Plaidoirie personnelle
De sa voix grave, il a évoqué Nuremberg où des proches d’Hitler avait été acquittés, a cité une longue partie de la plaidoirie de Robert Badinter lors du procès de Patrick Henry à qui l’ancien garde des sceaux a évité la guillotine. Le ténor a mis en garde contre la vengeance, ennemie jurée de la justice, contre ce procès sans preuves tangibles où l’on juge un frère à la place d’un autre. Il s’est attaqué à l’opinion publique, aux dérives de la justice de l’état d’urgence.
Avant de tenter de prouver, s’égarant parfois, la beauté de défendre l’indéfendable. “Etre avocat, ce n’est pas justifier, c’est d’empêcher la haine d’être à l’audience.” Il a livré une plaidoirie assez personnelle, ponctuée d’anecdotes privées et de propos un brin outranciers. Parlant de sa mère, puis de sa grand-mère lors d’histoires où l’on s’est parfois un peu perdu.
“Si vous condamnez Abdelkader Merah, vous aurez jugé, mais vous n’aurez pas rendu justice”
Il s’est qualifié lui-même, en écho d’attaques de ses confrères à son endroit, de “honte du barreau”. Narquois, il a assuré que “parfois, le crachat sur une robe d’avocat, c’est mieux qu’une légion d’honneur”. Il a taxé les avocats des parties civiles “de procureurs de droit privé”, a qualifié le réquisitoire de la veille de “ratatouille” “médiocre”.
Et sur le même ton que ses “deux gamins”, il a terminé à l’adresse des magistrats : “Si vous condamnez Abdelkader Merah, vous aurez jugé, mais vous n’aurez pas rendu justice.”

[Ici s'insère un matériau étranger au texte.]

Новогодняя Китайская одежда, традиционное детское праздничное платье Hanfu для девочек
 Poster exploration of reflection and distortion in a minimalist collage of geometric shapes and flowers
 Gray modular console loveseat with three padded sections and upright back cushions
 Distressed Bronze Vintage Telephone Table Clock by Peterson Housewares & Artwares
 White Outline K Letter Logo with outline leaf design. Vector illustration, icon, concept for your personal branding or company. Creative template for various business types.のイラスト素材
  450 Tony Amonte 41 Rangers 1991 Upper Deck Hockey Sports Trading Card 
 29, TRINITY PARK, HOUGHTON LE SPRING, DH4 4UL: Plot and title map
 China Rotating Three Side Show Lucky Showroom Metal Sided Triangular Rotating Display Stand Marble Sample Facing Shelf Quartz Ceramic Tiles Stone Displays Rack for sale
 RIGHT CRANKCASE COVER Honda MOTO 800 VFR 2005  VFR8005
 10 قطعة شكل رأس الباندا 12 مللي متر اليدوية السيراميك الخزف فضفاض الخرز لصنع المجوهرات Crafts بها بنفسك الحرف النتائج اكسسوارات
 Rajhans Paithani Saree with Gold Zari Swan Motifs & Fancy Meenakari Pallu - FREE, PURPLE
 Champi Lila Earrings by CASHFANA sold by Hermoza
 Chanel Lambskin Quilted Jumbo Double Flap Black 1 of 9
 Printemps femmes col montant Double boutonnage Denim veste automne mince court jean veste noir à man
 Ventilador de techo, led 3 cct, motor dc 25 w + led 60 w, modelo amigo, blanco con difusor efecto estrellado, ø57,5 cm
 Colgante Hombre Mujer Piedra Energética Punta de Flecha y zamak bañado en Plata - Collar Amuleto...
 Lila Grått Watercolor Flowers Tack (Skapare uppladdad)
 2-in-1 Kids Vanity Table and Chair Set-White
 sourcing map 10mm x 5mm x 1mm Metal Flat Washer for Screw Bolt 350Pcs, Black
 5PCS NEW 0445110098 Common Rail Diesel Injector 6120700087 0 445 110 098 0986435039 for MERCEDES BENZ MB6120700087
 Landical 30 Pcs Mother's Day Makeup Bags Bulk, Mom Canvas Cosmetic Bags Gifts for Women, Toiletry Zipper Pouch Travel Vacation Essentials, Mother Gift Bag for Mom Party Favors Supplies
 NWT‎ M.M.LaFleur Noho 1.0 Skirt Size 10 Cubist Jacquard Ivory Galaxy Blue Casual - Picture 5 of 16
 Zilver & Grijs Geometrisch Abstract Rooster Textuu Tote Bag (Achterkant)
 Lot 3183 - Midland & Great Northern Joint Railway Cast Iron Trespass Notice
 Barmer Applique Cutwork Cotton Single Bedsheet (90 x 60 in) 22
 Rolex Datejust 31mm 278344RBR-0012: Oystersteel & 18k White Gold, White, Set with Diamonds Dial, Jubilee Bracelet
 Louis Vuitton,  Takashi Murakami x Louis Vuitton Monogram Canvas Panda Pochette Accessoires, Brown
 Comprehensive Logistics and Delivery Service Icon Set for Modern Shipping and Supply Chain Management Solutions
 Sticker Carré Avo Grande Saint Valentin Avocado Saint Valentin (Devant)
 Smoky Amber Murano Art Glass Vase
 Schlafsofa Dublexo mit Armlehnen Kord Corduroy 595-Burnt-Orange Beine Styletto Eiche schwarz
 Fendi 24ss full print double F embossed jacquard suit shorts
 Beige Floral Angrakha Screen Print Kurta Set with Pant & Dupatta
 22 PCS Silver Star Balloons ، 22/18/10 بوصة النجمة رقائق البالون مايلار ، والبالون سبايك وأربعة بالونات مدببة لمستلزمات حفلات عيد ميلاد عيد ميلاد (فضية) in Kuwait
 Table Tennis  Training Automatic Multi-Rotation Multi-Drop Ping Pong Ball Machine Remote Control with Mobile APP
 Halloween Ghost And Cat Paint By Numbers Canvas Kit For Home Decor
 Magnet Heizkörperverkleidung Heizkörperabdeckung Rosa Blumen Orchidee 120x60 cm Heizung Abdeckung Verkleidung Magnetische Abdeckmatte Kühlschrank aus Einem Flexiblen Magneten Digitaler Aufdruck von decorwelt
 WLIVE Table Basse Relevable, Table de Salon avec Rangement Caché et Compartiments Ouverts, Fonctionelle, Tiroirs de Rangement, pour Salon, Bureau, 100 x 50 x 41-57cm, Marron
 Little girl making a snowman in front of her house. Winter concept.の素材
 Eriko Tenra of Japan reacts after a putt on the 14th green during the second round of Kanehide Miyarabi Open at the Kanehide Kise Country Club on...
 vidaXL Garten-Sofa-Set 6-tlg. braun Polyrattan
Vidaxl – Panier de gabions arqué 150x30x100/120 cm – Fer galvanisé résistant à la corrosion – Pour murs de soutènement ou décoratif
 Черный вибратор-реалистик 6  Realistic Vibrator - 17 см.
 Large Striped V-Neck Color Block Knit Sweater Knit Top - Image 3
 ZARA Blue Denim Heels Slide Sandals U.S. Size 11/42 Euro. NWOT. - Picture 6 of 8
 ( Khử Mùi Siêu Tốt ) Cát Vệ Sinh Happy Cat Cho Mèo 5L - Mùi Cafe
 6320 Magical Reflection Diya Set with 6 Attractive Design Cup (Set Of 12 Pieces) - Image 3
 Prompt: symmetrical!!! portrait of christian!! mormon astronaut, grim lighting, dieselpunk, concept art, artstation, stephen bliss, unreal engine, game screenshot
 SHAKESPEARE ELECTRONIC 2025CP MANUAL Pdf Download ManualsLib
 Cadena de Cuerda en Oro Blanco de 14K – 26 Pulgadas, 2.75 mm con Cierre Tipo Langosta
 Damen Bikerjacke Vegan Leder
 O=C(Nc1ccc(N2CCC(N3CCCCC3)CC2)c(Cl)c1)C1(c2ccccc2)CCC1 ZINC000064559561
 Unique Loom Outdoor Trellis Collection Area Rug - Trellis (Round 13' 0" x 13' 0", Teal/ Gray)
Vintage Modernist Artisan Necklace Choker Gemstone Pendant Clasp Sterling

Les quatre juges professionnels doivent rendre leur verdict jeudi. Et mettre un point final aux plus de cinq ans de procédure du premier attentat terroriste moderne de l’hexagone. Fettah Malki encourt vingt ans de prison et Abdelkader Merah, la réclusion criminelle a perpétuité avec vingt-deux ans de sûreté.